[Opening Given records section]

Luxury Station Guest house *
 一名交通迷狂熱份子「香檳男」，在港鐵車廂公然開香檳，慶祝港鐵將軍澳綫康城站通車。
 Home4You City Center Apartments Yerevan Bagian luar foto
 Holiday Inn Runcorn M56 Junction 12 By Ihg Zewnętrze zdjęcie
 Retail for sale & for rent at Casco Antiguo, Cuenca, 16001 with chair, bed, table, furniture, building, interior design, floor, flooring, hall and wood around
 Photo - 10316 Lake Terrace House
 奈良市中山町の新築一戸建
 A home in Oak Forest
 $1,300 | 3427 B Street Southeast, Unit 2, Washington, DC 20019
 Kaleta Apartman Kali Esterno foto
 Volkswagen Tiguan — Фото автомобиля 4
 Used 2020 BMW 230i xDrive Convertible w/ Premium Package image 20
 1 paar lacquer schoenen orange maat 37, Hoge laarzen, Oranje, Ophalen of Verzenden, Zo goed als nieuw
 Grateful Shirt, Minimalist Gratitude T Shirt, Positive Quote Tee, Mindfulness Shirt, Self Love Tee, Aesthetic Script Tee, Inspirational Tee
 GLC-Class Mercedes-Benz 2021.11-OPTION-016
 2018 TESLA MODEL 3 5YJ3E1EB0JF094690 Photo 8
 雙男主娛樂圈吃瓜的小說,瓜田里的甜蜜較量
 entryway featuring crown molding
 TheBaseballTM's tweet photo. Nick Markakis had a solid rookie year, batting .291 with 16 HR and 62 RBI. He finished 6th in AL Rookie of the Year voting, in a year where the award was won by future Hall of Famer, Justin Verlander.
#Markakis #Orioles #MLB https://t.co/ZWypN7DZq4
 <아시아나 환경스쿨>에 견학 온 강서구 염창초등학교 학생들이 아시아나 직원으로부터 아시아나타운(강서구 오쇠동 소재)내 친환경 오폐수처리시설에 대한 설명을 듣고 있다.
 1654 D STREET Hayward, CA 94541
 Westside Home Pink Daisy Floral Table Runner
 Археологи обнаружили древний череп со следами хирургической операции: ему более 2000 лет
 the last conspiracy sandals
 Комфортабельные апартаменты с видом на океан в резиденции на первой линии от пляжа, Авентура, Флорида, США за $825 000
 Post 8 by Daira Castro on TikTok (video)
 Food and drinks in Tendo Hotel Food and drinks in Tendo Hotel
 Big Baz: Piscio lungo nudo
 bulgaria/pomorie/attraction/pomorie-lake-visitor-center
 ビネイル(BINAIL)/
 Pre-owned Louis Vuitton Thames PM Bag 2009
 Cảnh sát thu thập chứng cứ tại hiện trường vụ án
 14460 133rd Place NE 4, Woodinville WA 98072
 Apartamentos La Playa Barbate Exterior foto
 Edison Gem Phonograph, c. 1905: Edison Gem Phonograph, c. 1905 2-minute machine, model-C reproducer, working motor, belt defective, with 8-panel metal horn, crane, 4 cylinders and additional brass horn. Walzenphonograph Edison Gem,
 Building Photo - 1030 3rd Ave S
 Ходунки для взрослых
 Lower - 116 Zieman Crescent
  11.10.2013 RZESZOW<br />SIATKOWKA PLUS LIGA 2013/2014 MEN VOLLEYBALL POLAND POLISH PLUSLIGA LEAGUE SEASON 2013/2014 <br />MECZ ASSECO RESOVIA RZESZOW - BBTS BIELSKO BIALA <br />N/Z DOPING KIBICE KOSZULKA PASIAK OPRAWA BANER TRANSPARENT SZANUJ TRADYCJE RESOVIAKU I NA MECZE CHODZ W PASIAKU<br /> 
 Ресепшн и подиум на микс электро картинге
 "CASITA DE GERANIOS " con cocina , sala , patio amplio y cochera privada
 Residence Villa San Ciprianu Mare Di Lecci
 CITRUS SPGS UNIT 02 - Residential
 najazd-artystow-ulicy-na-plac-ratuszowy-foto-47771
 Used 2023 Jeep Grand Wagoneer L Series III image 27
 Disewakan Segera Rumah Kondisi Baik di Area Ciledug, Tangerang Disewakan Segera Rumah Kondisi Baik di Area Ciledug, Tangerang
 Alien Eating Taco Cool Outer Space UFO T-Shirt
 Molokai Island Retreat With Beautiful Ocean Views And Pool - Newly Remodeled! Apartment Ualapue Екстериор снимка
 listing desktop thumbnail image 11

[Closing Given records section]

> The task
From the records above, give again exactly the lines running from the line with "#Markakis #Orioles #MLB" to the line with "Apartamentos La Playa Barbate Exterior foto", inclusive.

> Problem solution
#Markakis #Orioles #MLB https://t.co/ZWypN7DZq4
 <아시아나 환경스쿨>에 견학 온 강서구 염창초등학교 학생들이 아시아나 직원으로부터 아시아나타운(강서구 오쇠동 소재)내 친환경 오폐수처리시설에 대한 설명을 듣고 있다.
 1654 D STREET Hayward, CA 94541
 Westside Home Pink Daisy Floral Table Runner
 Археологи обнаружили древний череп со следами хирургической операции: ему более 2000 лет
 the last conspiracy sandals
 Комфортабельные апартаменты с видом на океан в резиденции на первой линии от пляжа, Авентура, Флорида, США за $825 000
 Post 8 by Daira Castro on TikTok (video)
 Food and drinks in Tendo Hotel Food and drinks in Tendo Hotel
 Big Baz: Piscio lungo nudo
 bulgaria/pomorie/attraction/pomorie-lake-visitor-center
 ビネイル(BINAIL)/
 Pre-owned Louis Vuitton Thames PM Bag 2009
 Cảnh sát thu thập chứng cứ tại hiện trường vụ án
 14460 133rd Place NE 4, Woodinville WA 98072
 Apartamentos La Playa Barbate Exterior foto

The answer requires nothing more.